Preoperative 18F-FDG PET/CT tumor markers outperform MRI-based markers for the prediction of lymph node metastases in primary endometrial cancer

Abstract Objectives To compare the diagnostic accuracy of preoperative 18F-FDG PET/CT and MRI tumor markers for prediction of lymph node metastases (LNM) and aggressive disease in endometrial cancer (EC). Methods Preoperative whole-body 18F-FDG PET/CT and pelvic MRI were performed in 215 consecutive patients with histologically confirmed EC. PET/CT-based tumor standardized uptake value (SUVmax and SUVmean), metabolic tumor volume (MTV), and PET-positive lymph nodes (LNs) (SUVmax > 2.5) were analyzed together with the MRI-based tumor volume (VMRI), mean apparent diffusion coefficient (ADCmean), and MRI-positive LN (maximum short-axis diameter ≥ 10 mm). Imaging parameters were explored in relation to surgicopathological stage and tumor grade. Receiver operating characteristic (ROC) curves were generated yielding optimal cutoff values for imaging parameters, and regression analyses were used to assess their diagnostic performance for prediction of LNM and progression-free survival. Results For prediction of LNM, MTV yielded the largest area under the ROC curve (AUC) (AUC = 0.80), whereas VMRI had lower AUC (AUC = 0.72) (p = 0.03).

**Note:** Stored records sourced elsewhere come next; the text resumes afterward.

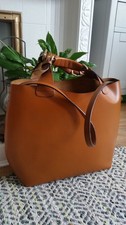 Zara Buffalo Leather Tote Shoulder Bag Large Tan Brown Handbag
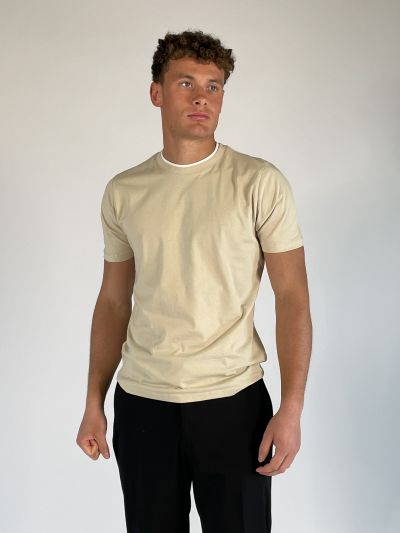 T-shirt manica corta Seinse - beige bianco
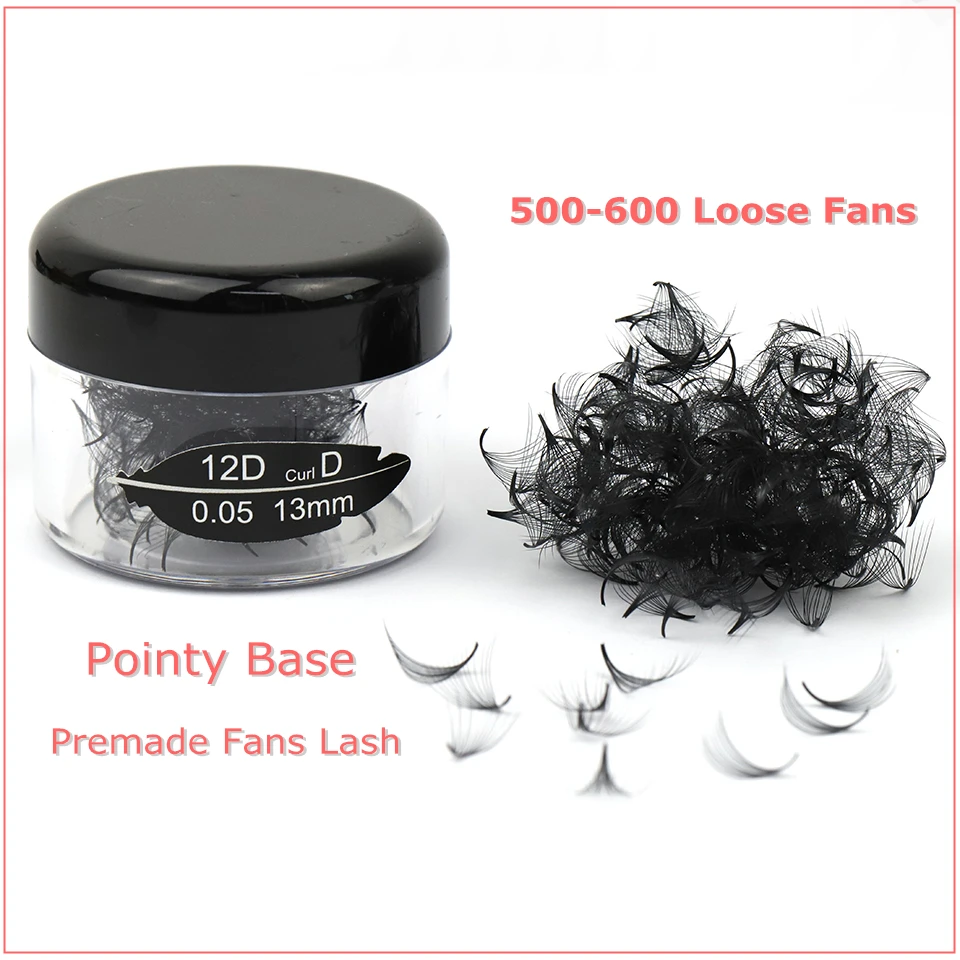 

RUJADE 3D 5D 6D 8D 10D 12D 14D Loose Fans Pointy Base Thin Roots Premade Fans Lashes Extension 500-600 Loose Fans per Jar Makeup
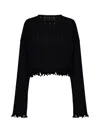 Uma Wang Cropped Ribbed Knitwear Top With Long Sleeves In Black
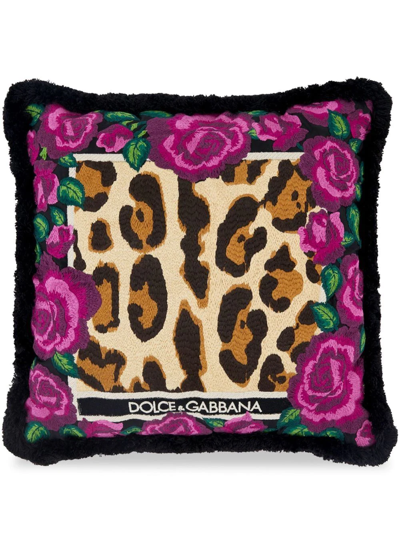 Dolce & Gabbana Pink Leopard Print Embroidered Small Cushion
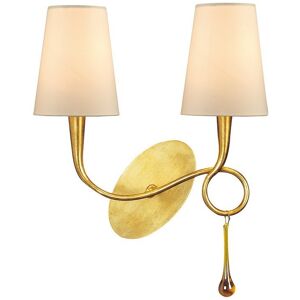INSPIRED LIGHTING Paola Wall Lamp Switched 2 Light E14, Gold Painted with Cream Shades & Amber Glass Droplets INSPIRED LIGHTING Paola Wall Lamp Switched 2 Light E14, Gold Painted with Cream Shades & Amber Glass Droplets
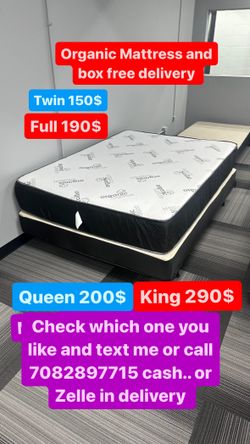 Huge sale for Mattress And Box Twin size mattress and box 150.$ full 190$ Queen 200$ king 290$. free delivery free set up 708….280….7715… cash or Zell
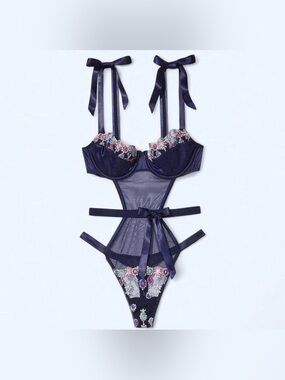 NWT Victoria's Secret Noir Navy Blue Wicked Bejeweled Teddy with Ribbon Straps M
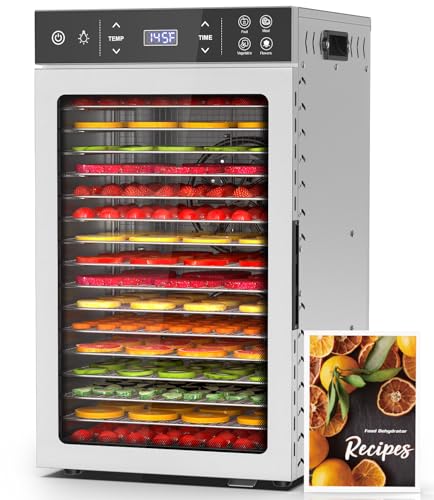 HOPERAN 16-Tray Stainless Steel Food Dehydrator, 800W with 4 Presets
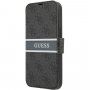 Guess 4G Printed Stripe carcasă flip pentru iPhone 13 Pro - gri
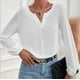 thumbnail image 4 of Blusas de manga larga para viaje de color sólido con cuello en V y encaje de satén para mujer Fridja  bvmnju3724, 4 of 9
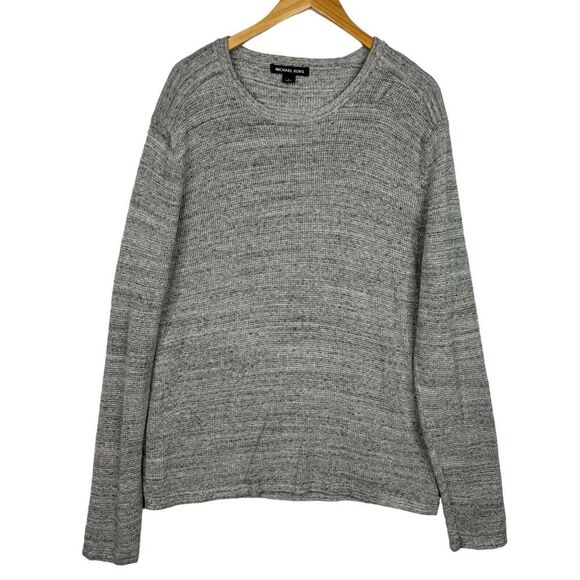 Michael Kors Other - Michael Kors Sweater Mens Large Gray Tight Knit Wool Blend Long Sleeve Pullover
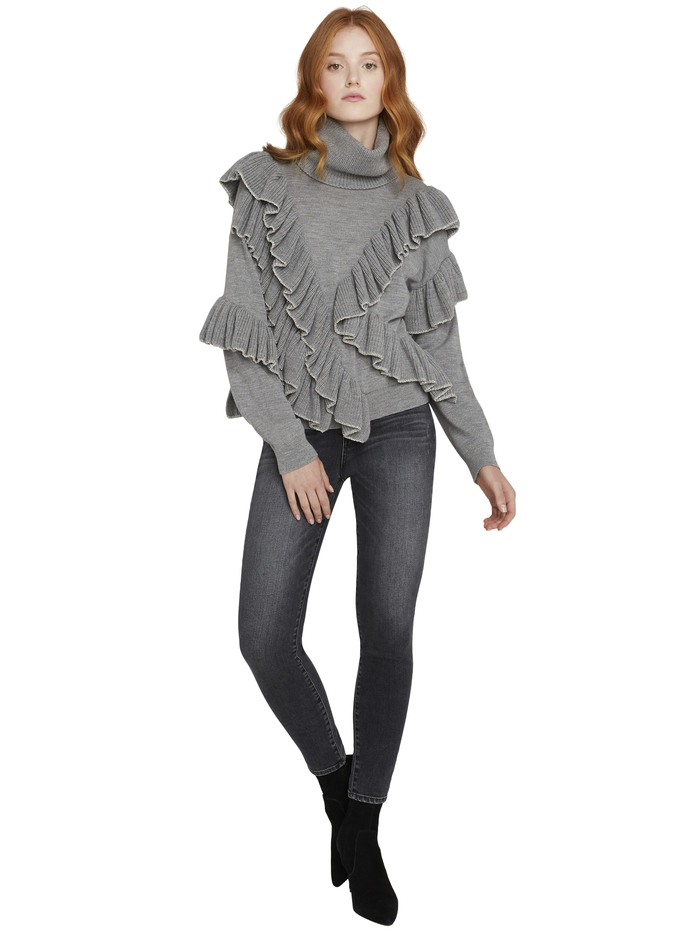 LIBBIE METALLIC TRIM TURTLENECK - MED HEATHER GREY image 4 - Alice And Olivia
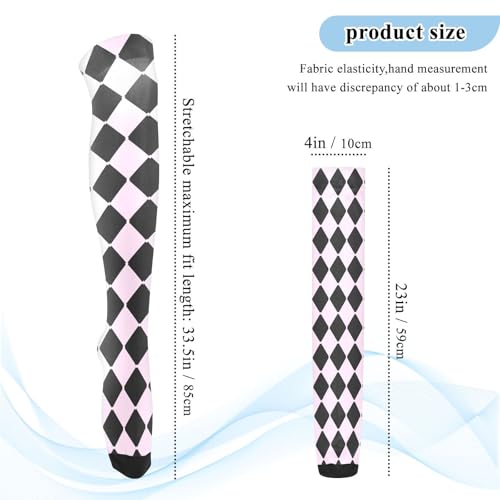 Black Pink Princess Checkered Thigh High Socks Knee High Socks Leg Warmers Long Stockings for Women3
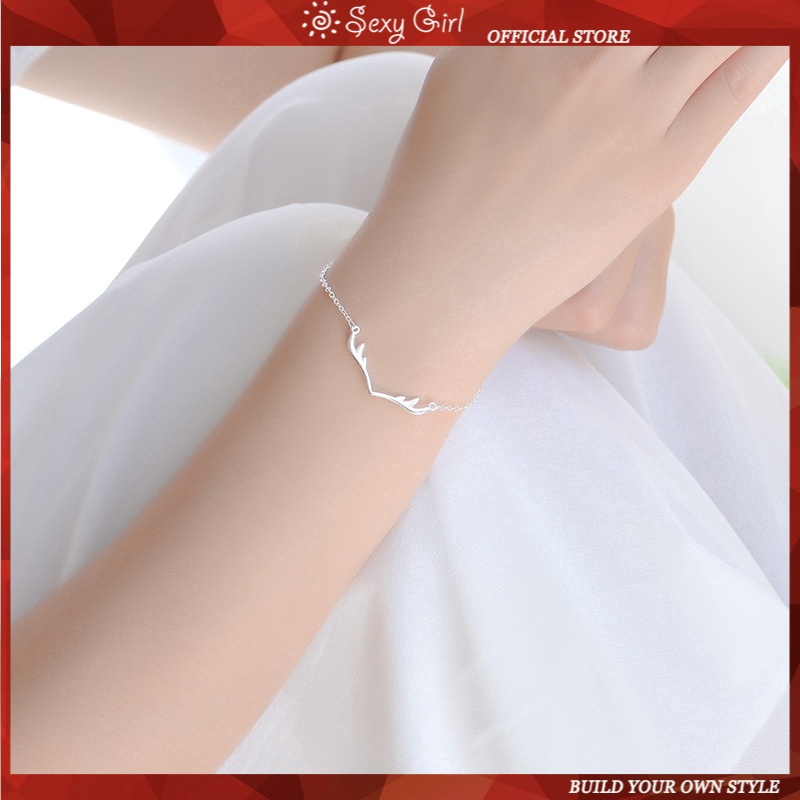 Vòng Tay Mạ Bạc Hình Sừng Hươu Nhỏ Dễ Thương Có Thể Điều Chỉnh Phong Cách Hàn Quốc Cho Nữ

Furthermore, MTV > 27 ml yielded significantly higher specificity (74%, p < 0.001) and accuracy (75%, p < 0.001) and also higher odds ratio (12.2) for predicting LNM, compared with VMRI > 10 ml (58%, 62%, and 9.7, respectively). MTV > 27 ml also tended to yield higher sensitivity than PET-positive LN (81% vs 50%, p = 0.13). Both VMRI > 10 ml and MTV > 27 ml were significantly associated with reduced progression-free survival. Conclusions Tumor markers from 18F-FDG PET/CT outperform MRI markers for the prediction of LNM. MTV > 27 ml yields a high diagnostic performance for predicting aggressive disease and represents a promising supplement to conventional PET/CT reading in EC. Key Points • Metabolic tumor volume (MTV) outperforms other 18F-FDG PET/CT and MRI markers for preoperative prediction of lymph node metastases (LNM) in endometrial cancer patients. • Using cutoff values for tumor volume for prediction of LNM, MTV > 27 ml yielded higher specificity and accuracy than VMRI> 10 ml. • MTV represents a promising supplement to conventional PET/CT reading for predicting aggressive disease in EC.